Rap music is such a protean form that no one bothers to come up with specific names for its different stylistic phases, unlike, say, indie rock with its thick catalog of microgenres. It just moves too fast.
One exception is ratchet music, a style that traces its roots back to the deep south but came into its own in Southern California, where producers started combining southern trap beats with the minimal electro of LA hip-hop pioneers like Egyptian Lover and the thizzed-up bounce of Bay Area hyphy and ended up with a way to generate a massively hedonistic mood out of sparse assemblages of hi-hats, finger snaps, and 808 kicks. There are a lot of people making ratchet right now, and last year a previously unknown (and not heard from since) ratchet group called the Finatticz reached number 88 on the Hot 100 with their track “Don’t Drop That Thun Thun!,” but LA’s DJ Mustard is by far its most successful practitioner, with huge tracks like Tyga’s “Rack City,” Young Jeezy’s “R.I.P.,” 2 Chainz’s “I’m Different” that have made his trademark “Mustard on the beat, ho” probably the second most heard producer drop on the radio after “Mike Will Made It.”
Mustard’s not only the highest selling ratchet producer but also its best. He has an astounding talent for writing incredibly addictive melodies out of just a few notes, and the unadorned keyboard riffs that open most of his tracks have a tendency to raise the hairs on the back of your neck. His beats are somehow as satisfying as they are spare, which brings a strange kind of elegance to songs intended for people to tear the club up to.

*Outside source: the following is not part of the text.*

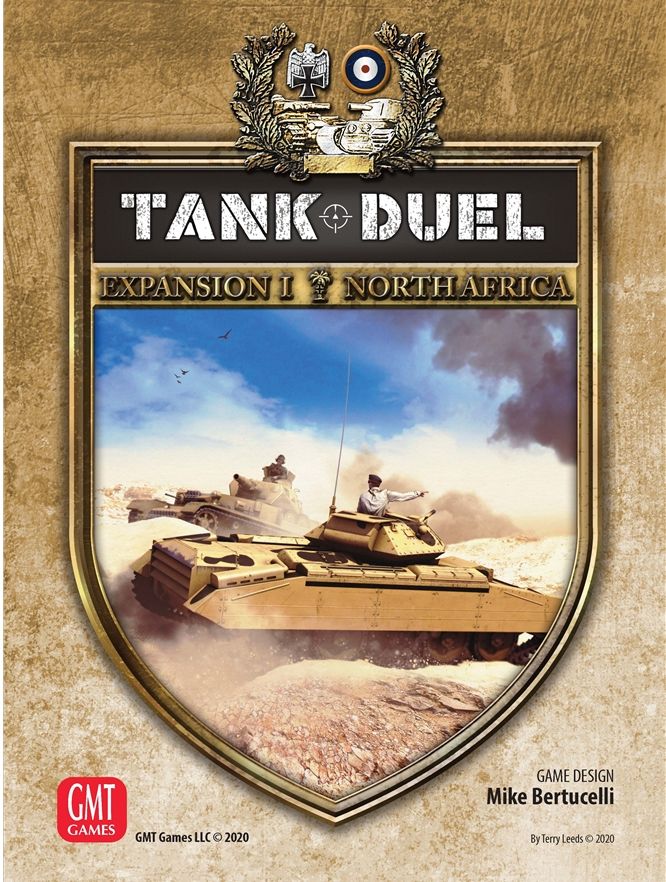 Tank Duel: Expansion #1 – North Africa board game cover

Mustard’s got two songs on the Hot 100 right now. The higher ranked of the two is “Show Me,” by Kid Ink, an unexceptional LA rapper with so little charisma that he’s outshined on the track by human charisma vacuum Chris Brown. Brown, with his bafflingly large and fervent fan base, is at least partially responsible for “Show Me”‘s 12 weeks on the chart, where it has slowly climbed to number 19. The rest of the credit should go to Mustard’s blippy synth riff and obscenely funky bass line.

The superior song, at number 52 and rising, is “Paranoid,” featuring Ty Dolla $ign and B.o.B. Ty’s built a solid foundation of an audience with his Beach House mixtapes, and just released an official, label-affiliated EP (also called Beach House) that’s apparently intended to test his mainstream appeal. “Paranoid” suggests that it’s up there, pairing poppy sing-raps with salacious lyrics about how hard it is to maintain the optimal main-squeeze/side-piece balance. And the slow-burning beat is proof that DJ Mustard is the reigning champion of 100 BPM grind-on-your-partner dance music.
Both songs have given Mustard an auspicious start to 2014. I’m sure we’ll be hearing more from him throughout the year.